A Minimum Viable Configuration

If you do nothing else after reading this, do these three things:

Create ~/.sbt/repositories on your build agents pointing at your Nexus/Artifactory/CodeArtifact group repository, and launch sbt with -Dsbt.override.build.repos=true.
Add a routing rule on the public-repo proxy that blocks your organization's groupId prefix.
Change resolvers += "Internal" at ... to externalResolvers := Seq("Internal" at ...) in every internal Spark project.

That's a one-afternoon change for most teams and it takes dependency confusion from "one motivated attacker away" to "would require a compromise of our repository manager, which is a different and much harder attack."

The Larger Point

Dependency confusion is not a novel vulnerability. It's a consequence of a design decision baked into most build tools: merge results from all configured sources, resolve conflicts by picking the highest version. That decision is great for developer ergonomics and terrible for security when one of those sources is a self-service public registry.
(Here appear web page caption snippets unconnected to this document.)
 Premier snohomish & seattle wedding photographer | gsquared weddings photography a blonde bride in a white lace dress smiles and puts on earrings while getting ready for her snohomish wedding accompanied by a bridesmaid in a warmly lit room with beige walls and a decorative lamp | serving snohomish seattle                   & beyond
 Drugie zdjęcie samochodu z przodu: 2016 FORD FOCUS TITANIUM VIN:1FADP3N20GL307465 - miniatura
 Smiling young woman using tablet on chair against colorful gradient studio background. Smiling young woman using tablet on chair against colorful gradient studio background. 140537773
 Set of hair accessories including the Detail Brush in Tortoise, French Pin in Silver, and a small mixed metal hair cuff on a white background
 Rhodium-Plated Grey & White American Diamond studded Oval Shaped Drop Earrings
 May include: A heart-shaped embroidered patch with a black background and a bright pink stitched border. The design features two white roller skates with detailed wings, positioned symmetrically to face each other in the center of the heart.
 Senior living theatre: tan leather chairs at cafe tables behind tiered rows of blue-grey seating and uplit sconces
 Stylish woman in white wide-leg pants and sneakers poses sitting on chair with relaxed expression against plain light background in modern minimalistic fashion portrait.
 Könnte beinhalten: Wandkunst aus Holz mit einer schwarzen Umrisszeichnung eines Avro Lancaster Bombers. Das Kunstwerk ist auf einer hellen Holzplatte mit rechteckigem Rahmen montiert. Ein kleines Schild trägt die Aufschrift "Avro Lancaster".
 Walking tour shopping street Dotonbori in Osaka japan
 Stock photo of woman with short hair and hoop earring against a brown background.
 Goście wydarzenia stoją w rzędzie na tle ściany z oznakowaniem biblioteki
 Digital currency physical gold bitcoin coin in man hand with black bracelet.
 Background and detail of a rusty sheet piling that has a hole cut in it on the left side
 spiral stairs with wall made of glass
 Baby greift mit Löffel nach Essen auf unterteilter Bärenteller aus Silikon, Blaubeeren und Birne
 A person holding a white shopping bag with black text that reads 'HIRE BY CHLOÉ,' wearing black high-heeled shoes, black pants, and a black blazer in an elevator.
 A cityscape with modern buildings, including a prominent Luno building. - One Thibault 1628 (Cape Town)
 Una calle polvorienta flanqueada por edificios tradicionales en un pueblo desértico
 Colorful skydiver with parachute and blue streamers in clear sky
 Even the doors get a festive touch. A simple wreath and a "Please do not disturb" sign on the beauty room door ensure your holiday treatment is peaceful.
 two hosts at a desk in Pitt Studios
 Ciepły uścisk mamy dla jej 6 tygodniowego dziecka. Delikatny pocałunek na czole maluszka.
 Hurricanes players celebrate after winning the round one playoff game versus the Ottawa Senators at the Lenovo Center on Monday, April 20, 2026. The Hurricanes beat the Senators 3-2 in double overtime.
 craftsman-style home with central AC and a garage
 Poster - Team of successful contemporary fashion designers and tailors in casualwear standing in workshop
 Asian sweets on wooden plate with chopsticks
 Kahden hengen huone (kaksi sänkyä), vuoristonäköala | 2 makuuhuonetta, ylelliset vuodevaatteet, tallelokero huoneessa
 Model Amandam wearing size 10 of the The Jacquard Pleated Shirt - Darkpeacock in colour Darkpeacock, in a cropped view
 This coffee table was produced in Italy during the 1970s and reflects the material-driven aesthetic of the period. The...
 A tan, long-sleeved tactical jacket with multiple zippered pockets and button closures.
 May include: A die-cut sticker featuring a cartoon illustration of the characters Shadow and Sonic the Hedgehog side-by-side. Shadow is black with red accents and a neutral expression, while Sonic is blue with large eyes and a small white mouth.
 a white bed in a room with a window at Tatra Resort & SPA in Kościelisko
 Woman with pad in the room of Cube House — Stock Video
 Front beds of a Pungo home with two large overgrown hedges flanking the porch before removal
Spark platforms concentrate an unusual amount of privilege in a small number of JVMs. The Spark driver often has read access to the entire lakehouse and write access to the pipelines that feed production dashboards. Treating dependency resolution as a trust boundary — not a convenience — is the cost of running that kind of platform safely. Most teams have not paid that cost yet. It's a small bill to pick up now; it's a very large bill if an attacker picks it up first.